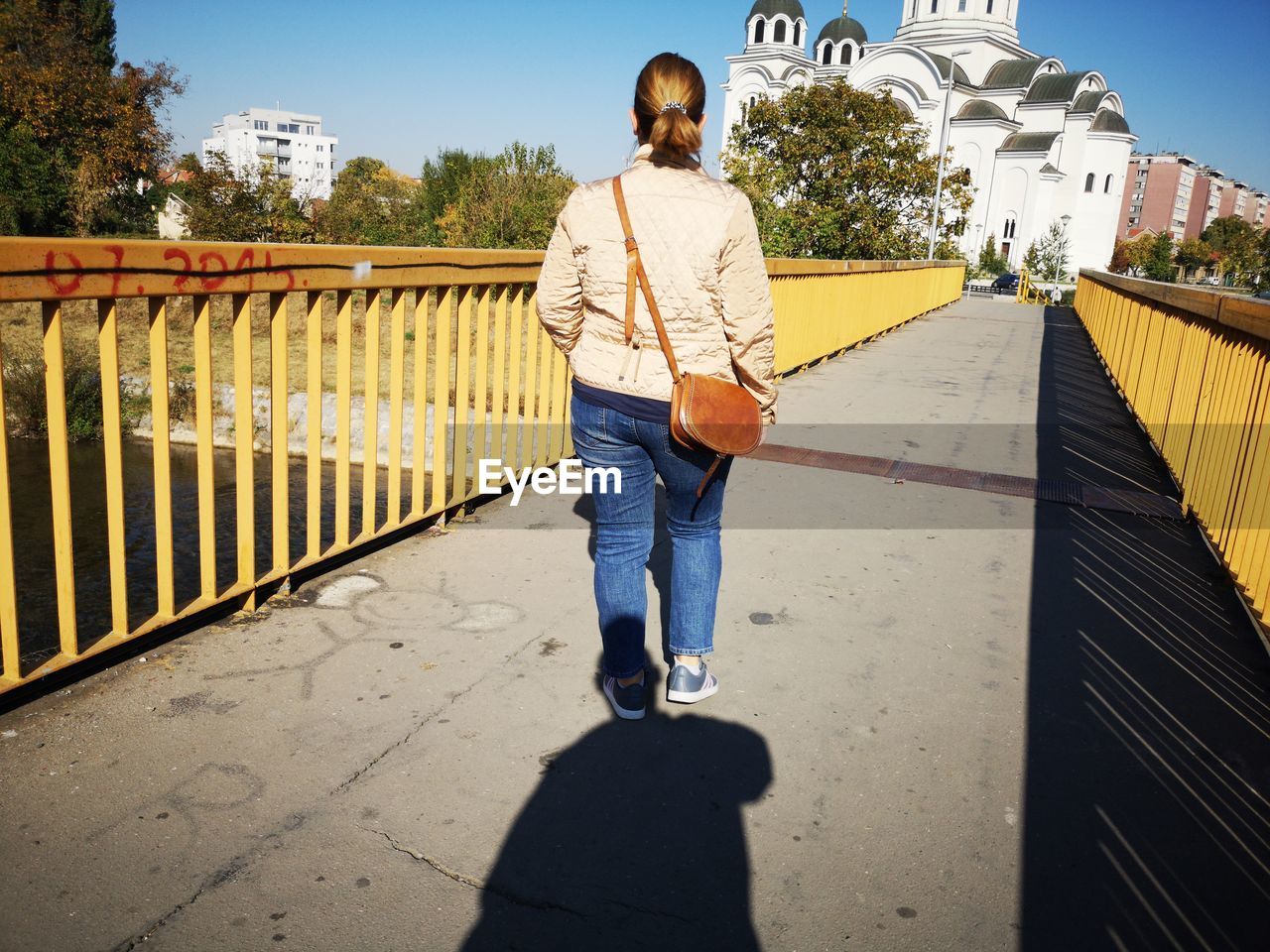 Rear view of man walking on footpath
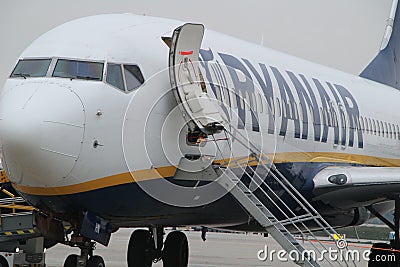 Passengers getting off the plane of Ryanair company at the Porto airport Editorial Stock Photo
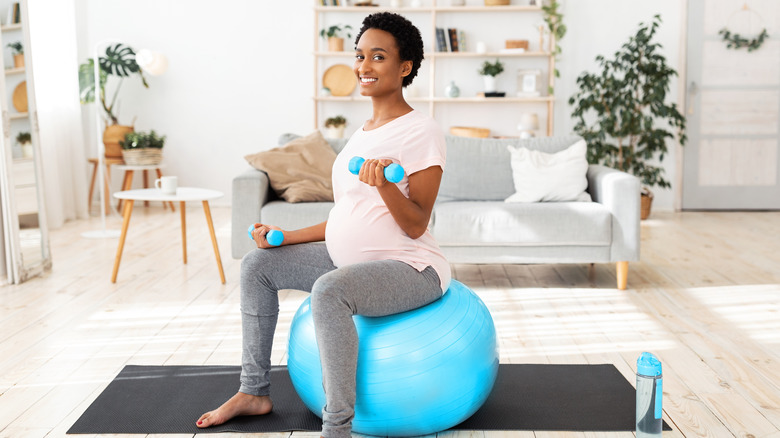 pregnant woman lifting weights while sitting on an exercise ball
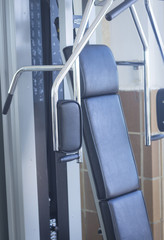 Gym exercise weights machine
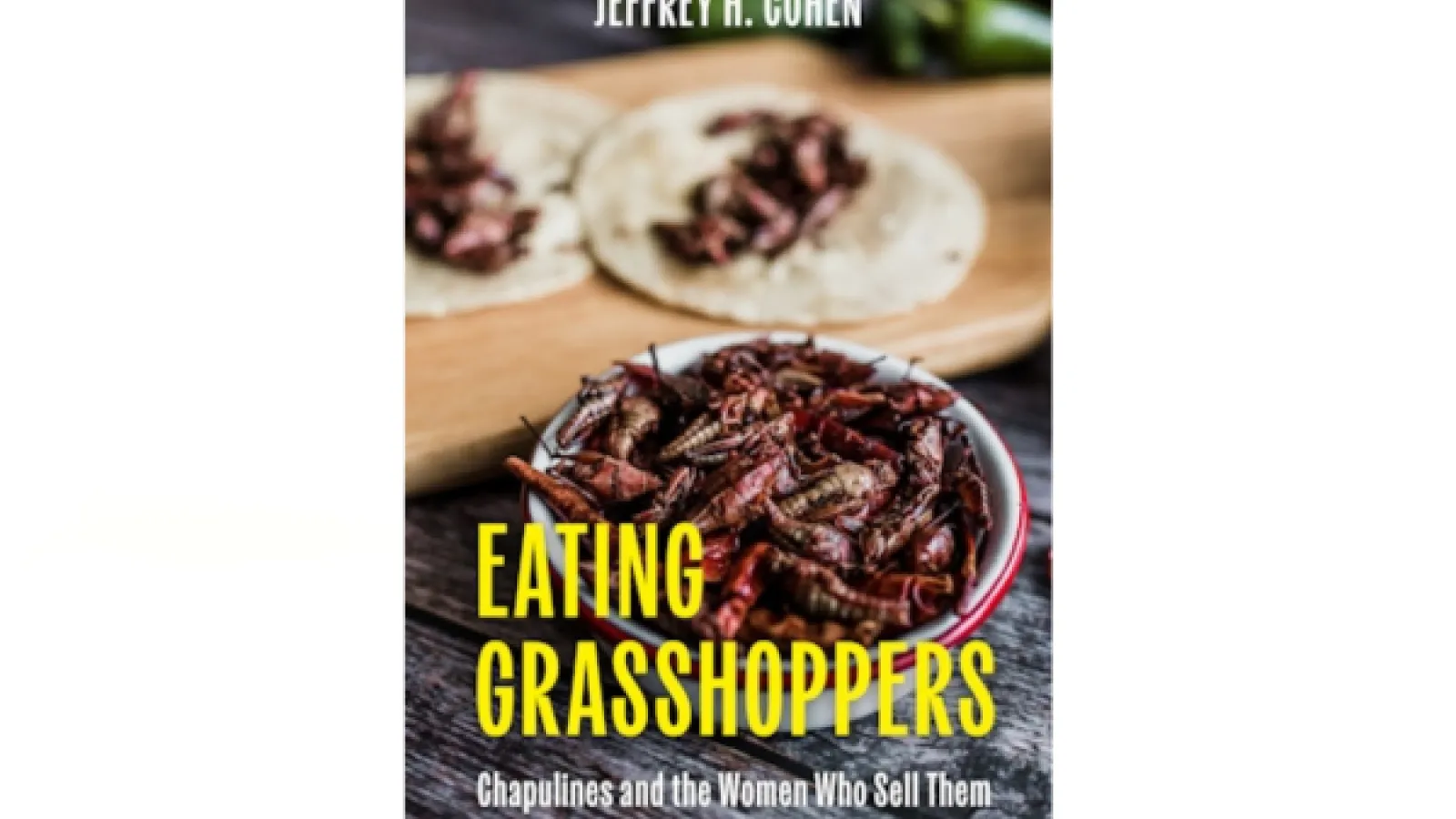 Book cover showing a bowl of grasshoppers on a wooden table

• [Exercise brief] Every line from the one containing "pregnant woman lifting" through the last line of the data is to be retyped exactly, with nothing added and no pictures included.

• [Task answer]
 pregnant woman lifting weights while sitting on an exercise ball
 Gym exercise weights machine
 Book cover showing a bowl of grasshoppers on a wooden table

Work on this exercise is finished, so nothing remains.